Stored items:
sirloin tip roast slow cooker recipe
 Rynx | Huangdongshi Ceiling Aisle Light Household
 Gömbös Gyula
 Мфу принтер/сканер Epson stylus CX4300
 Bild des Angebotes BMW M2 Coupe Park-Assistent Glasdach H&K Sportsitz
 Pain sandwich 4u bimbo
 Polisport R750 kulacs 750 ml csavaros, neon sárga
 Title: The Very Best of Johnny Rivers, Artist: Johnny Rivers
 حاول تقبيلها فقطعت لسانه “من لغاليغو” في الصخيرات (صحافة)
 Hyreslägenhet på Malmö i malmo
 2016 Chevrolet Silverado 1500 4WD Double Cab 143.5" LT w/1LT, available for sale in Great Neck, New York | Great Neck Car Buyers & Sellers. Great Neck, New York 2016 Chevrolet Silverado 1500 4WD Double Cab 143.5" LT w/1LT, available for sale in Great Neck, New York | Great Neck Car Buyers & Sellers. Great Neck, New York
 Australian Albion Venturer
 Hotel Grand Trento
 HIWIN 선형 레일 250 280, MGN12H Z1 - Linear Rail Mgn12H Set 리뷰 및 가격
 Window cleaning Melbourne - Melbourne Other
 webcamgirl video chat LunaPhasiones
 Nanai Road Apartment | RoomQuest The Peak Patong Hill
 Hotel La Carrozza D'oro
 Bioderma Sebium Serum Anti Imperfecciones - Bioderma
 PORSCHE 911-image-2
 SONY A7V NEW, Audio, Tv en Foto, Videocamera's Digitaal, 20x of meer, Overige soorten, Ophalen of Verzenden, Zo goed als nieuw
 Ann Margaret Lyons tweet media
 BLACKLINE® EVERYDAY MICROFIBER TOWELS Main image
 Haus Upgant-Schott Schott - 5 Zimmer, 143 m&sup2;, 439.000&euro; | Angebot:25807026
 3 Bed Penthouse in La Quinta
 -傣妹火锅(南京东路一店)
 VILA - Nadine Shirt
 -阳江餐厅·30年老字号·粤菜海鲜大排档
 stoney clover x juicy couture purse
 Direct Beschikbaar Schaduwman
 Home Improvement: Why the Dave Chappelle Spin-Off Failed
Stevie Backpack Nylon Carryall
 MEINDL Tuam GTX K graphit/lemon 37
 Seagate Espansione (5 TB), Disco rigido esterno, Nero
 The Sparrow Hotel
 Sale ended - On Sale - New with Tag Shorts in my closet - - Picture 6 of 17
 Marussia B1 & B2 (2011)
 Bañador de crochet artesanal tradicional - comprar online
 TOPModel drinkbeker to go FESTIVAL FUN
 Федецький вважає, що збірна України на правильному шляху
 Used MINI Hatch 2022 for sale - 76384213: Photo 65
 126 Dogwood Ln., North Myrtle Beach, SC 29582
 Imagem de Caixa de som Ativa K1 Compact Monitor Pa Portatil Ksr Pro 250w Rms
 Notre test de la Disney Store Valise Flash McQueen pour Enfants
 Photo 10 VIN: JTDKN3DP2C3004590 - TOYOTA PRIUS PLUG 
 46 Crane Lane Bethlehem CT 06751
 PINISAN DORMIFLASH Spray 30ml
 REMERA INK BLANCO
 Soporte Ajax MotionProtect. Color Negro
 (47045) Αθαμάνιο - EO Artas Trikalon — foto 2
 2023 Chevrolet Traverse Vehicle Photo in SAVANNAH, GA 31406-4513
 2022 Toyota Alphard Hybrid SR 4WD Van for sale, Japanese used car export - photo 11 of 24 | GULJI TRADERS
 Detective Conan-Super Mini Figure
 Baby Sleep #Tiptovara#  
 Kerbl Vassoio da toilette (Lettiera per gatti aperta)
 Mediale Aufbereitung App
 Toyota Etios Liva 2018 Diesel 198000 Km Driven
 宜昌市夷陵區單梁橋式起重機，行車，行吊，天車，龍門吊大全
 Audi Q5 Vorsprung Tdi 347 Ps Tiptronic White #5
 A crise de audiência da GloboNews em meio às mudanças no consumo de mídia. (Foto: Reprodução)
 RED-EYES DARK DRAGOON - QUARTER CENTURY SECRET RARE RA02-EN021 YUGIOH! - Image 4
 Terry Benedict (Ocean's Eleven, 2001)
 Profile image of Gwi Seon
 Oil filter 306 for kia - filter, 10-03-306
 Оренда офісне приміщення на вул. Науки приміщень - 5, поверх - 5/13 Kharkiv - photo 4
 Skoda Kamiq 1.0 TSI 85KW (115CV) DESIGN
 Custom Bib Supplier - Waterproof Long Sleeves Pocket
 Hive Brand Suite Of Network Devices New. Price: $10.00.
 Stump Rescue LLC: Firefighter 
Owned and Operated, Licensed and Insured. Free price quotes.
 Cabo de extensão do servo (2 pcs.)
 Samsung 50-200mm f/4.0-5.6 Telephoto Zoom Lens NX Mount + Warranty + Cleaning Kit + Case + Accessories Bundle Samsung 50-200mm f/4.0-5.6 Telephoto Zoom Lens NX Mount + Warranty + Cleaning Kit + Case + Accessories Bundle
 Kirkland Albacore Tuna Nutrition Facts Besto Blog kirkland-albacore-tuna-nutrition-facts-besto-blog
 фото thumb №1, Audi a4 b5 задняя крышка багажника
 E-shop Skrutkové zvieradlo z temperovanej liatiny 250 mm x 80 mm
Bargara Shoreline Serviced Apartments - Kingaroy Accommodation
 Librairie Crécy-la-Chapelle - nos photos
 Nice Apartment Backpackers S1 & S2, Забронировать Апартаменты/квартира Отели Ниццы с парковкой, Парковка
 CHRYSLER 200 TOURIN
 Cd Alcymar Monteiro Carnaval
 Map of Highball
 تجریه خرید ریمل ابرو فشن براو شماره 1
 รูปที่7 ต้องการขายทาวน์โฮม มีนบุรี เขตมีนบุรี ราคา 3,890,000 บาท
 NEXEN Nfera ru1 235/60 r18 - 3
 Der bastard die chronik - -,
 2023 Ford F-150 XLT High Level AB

◆ What the exercise asks ◆
Using the data above, reproduce exactly the lines between those holding "Oil filter 306 for kia - filter, 10-03-306" and "Bargara Shoreline Serviced", inclusive, and no others.

◆ Written answer ◆
 Oil filter 306 for kia - filter, 10-03-306
 Оренда офісне приміщення на вул. Науки приміщень - 5, поверх - 5/13 Kharkiv - photo 4
 Skoda Kamiq 1.0 TSI 85KW (115CV) DESIGN
 Custom Bib Supplier - Waterproof Long Sleeves Pocket
 Hive Brand Suite Of Network Devices New. Price: $10.00.
 Stump Rescue LLC: Firefighter 
Owned and Operated, Licensed and Insured. Free price quotes.
 Cabo de extensão do servo (2 pcs.)
 Samsung 50-200mm f/4.0-5.6 Telephoto Zoom Lens NX Mount + Warranty + Cleaning Kit + Case + Accessories Bundle Samsung 50-200mm f/4.0-5.6 Telephoto Zoom Lens NX Mount + Warranty + Cleaning Kit + Case + Accessories Bundle
 Kirkland Albacore Tuna Nutrition Facts Besto Blog kirkland-albacore-tuna-nutrition-facts-besto-blog
 фото thumb №1, Audi a4 b5 задняя крышка багажника
 E-shop Skrutkové zvieradlo z temperovanej liatiny 250 mm x 80 mm
Bargara Shoreline Serviced Apartments - Kingaroy Accommodation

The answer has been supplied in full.